Any source of information is good source, cuz you will know what to do, what not to do and how many ways you can do something.

definitely get orgazined, get a website started, setup your accounts, draw up a business plan, your pricing and marketing... I did all of that. and is very important.


----------



## LoveKillSlowly (Apr 23, 2009)

Thanks That was very helpful and you just show me that when you wanna do something you can do it ... anyway I'm still young ( 17 years old ) so I gotta go step by step and everything is going to be alright.

Good luck 

Christopher


----------



## TshirtGuru (Jul 9, 2008)

LoveKillSlowly said:


> I got a say this is a very good idea ... but I have a few questions
> 
> First what did you buy first ... ? garment machine ?
> 
> ...


Get a job.

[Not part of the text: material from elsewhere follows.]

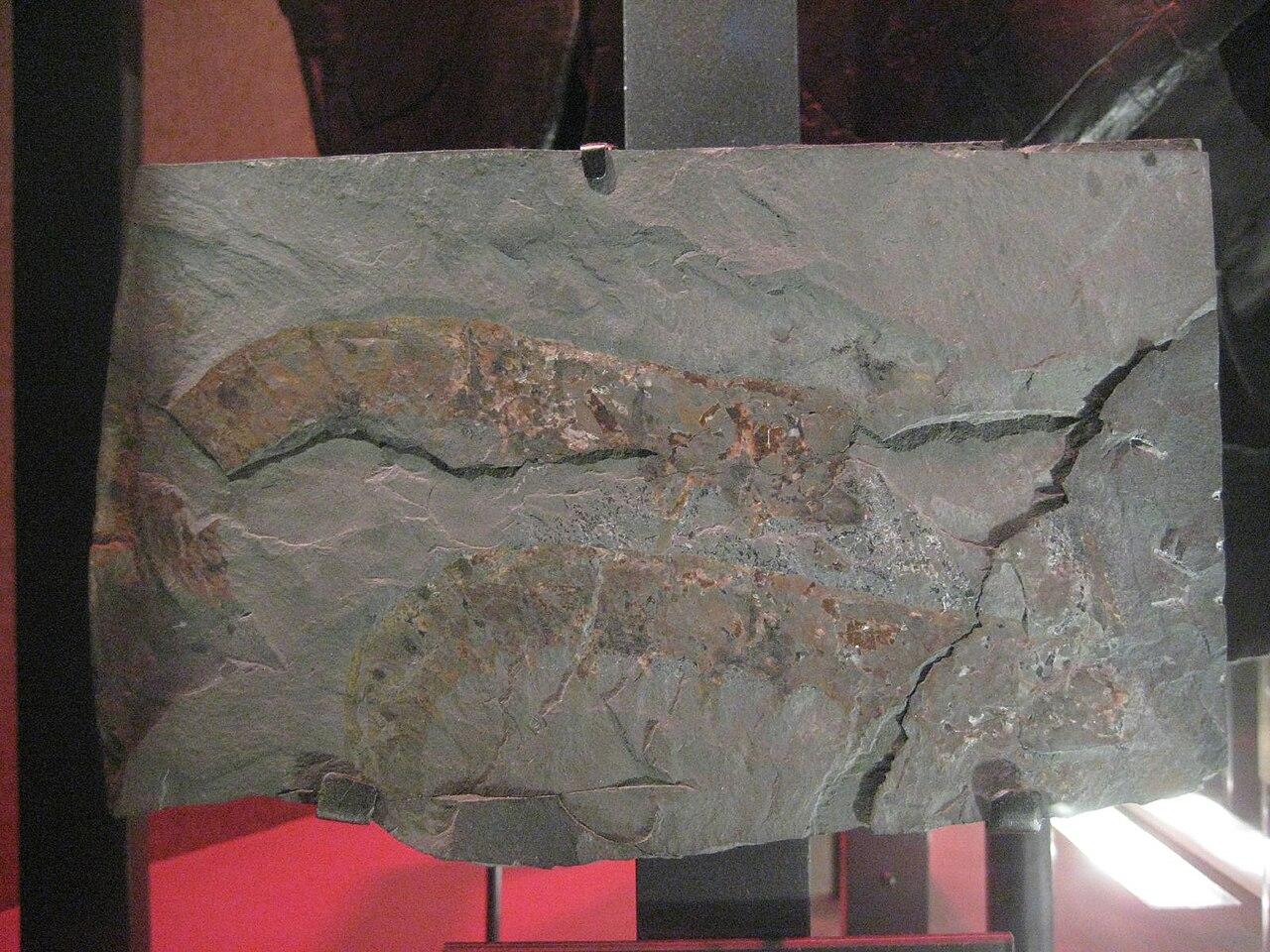 The flattened body of Anomalocaris preserved dark against pale grey Burgess Shale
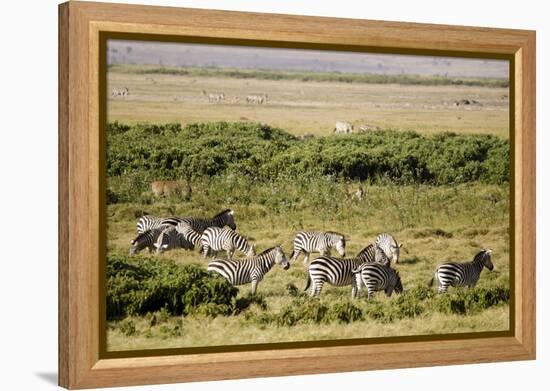 Kenya, Amboseli National Park, Group of Zebras-Anthony Asael-Framed Premier Image Canvas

Save money. During the time you are saving money, design the shirts you want printed. Pay a printer to print your shirts.


----------



## LoveKillSlowly (Apr 23, 2009)

How much I should save to start ?


----------



## TshirtGuru (Jul 9, 2008)

LoveKillSlowly said:


> How much I should save to start ?


...if I say $50,000, is that going to work? 

My point is, nobody knows that answer but yourself.


----------



## LoveKillSlowly (Apr 23, 2009)

yeah that a lot of money ...

well do you really need these machine to start your own clothing line ?


----------



## nation03 (Sep 2, 2008)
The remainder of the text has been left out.